Rondo todo esto mientras leo y después de cerrar el libro de cuentos La suerte de las mujeres, porque son inevitables las resonancias. A pesar del tiempo y la distancia que separan los textos de aquellos que evoqué, rebotan en esta prosa preguntas del mismo orden simbólico: ¿qué sucede cuando las mujeres despiertan desencajadas en medio de instituciones familiares que las contienen como contiene un corsé que proporciona una forma bella pero a condición de la presión y la falta de aire? ¿y qué cuando son las instituciones mismas las que invitan a un elegante disimulo de su fracaso, o de su horror, o de su mentira? Sucede, justamente, lo extraño. Una mirada distinta, oblicua. Una mirada de mujer que de tan nueva no tiene respuestas hechas de palabras sino cuerpo: el hundimiento en las sábanas, el físico tieso en un velorio, la espera psicofármaca, el orgasmo desconocido, el desprendimiento de la mano de una amiga que es también la despedida del tiempo inocente de la niñez y la apertura al mundo perverso de los adultos.
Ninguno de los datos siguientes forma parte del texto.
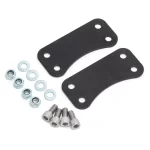 21" Front Wheel Fender Riser Lift Brackets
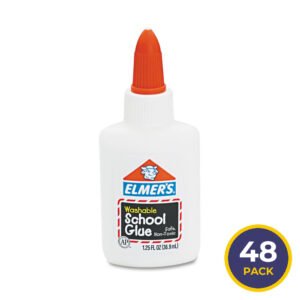 Elmer’s School Glue E-301 - 1.25 oz - 48 Pack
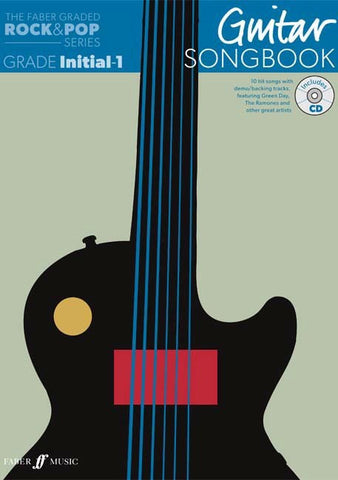 Faber Graded Free Choice Guitar Song Book For Initial and Grade 1 One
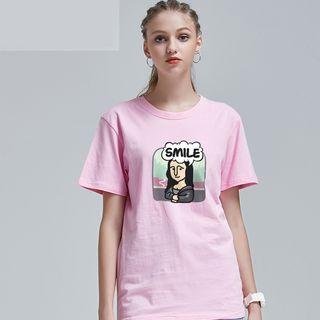 Smile Short Sleeve T-shirt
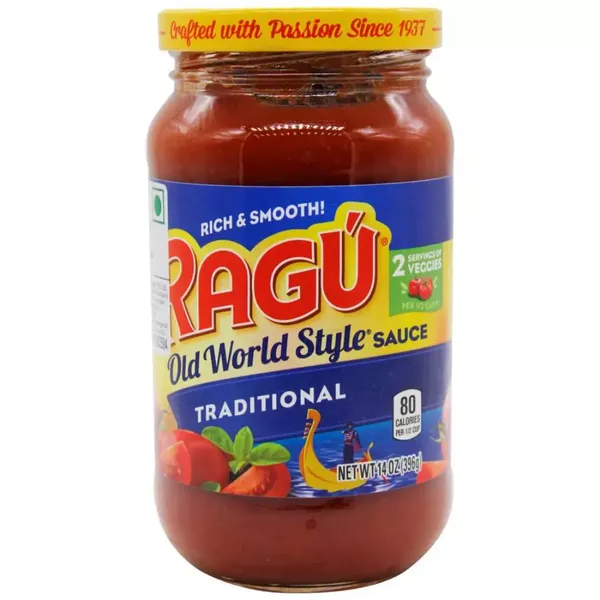RAGU SAUCE TRADITIONAL 397GM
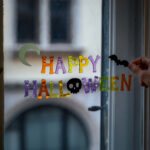 Window-Glow - гел налепници за прозорец, Happy Halloween – слика 5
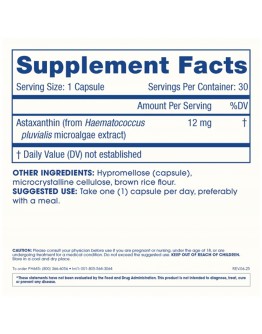 Prohealth Pure Astaxanthin - 12mg, 30 Capsules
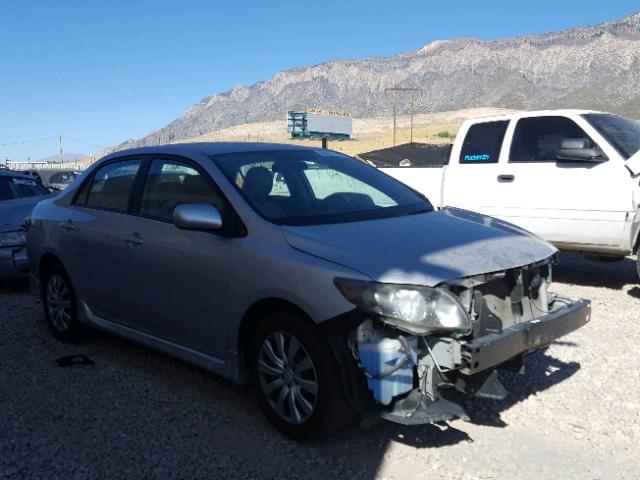 1NXBU40E99Z117657 - 2009 TOYOTA COROLLA BA 银色 照片 1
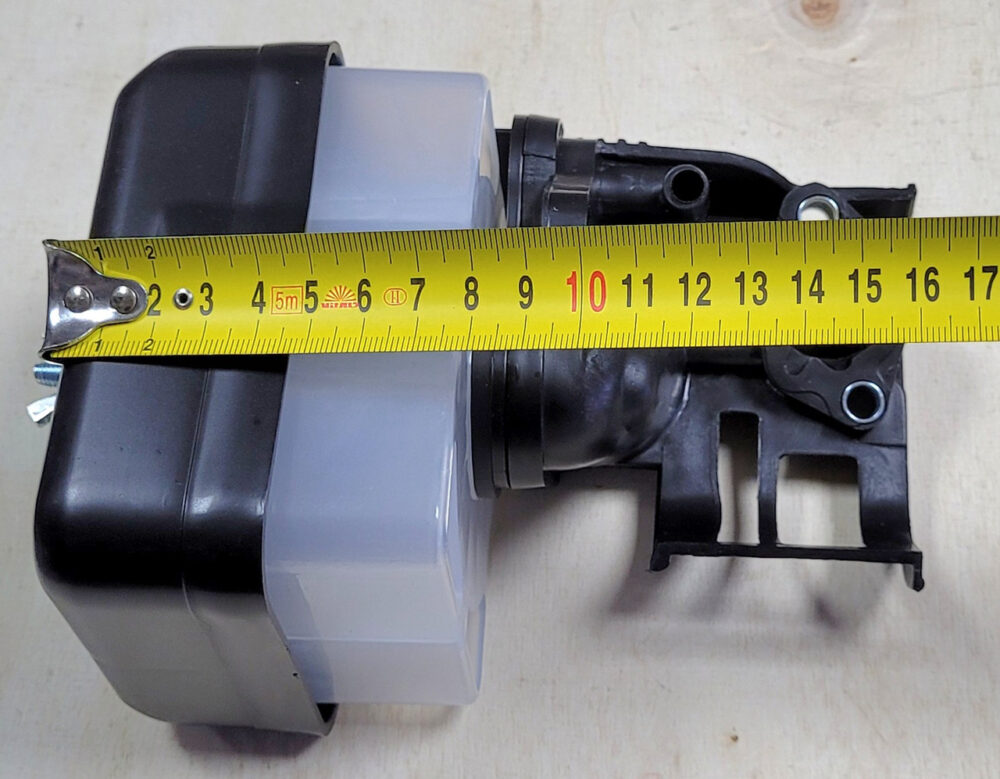 Повітряний фільтр з оливною ванною для бензинового двигуна 168F, 170F.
Hay tantas preguntas que este libro se hace, que hasta me parece ver reír a Paula escondiendo, también ella, en el título, una ironía: “Suerte, querida lectora”. Suerte, después de leerme. Hace unos días dialogaba con mis estudiantes, a raíz de un cuento de Borges, sobre la palabra fortuna. Trataba de que entendieran la polisemia del término porque sí, el cuento hablaba de un tesoro -unas monedas de oro en este caso- pero también hablaba de la suerte, del azar, de una idea en discusión mediada con la idea de destino. Hay algo que las mujeres aprendimos de pequeñas y es que pareciera ser que nuestro destino viene asociado a la idea de un diálogo más o menos permanente con el dolor. Esa parece ser nuestra suerte. Quizás la clave para cambiar esa fortuna terrible en otra fortuna más nuestra tenga que ver con cambiar la voz, la mirada. Desencajarse. Mirarse a una como a otra. Aminarse al desamparo. Total, qué puede sucedernos que no nos haya pasado ya. Hasta que alguien demuestre lo contrario, tenemos una sola vida. Y en eso tenés razón, Paula: estamos hechas de cosas que desaparecen.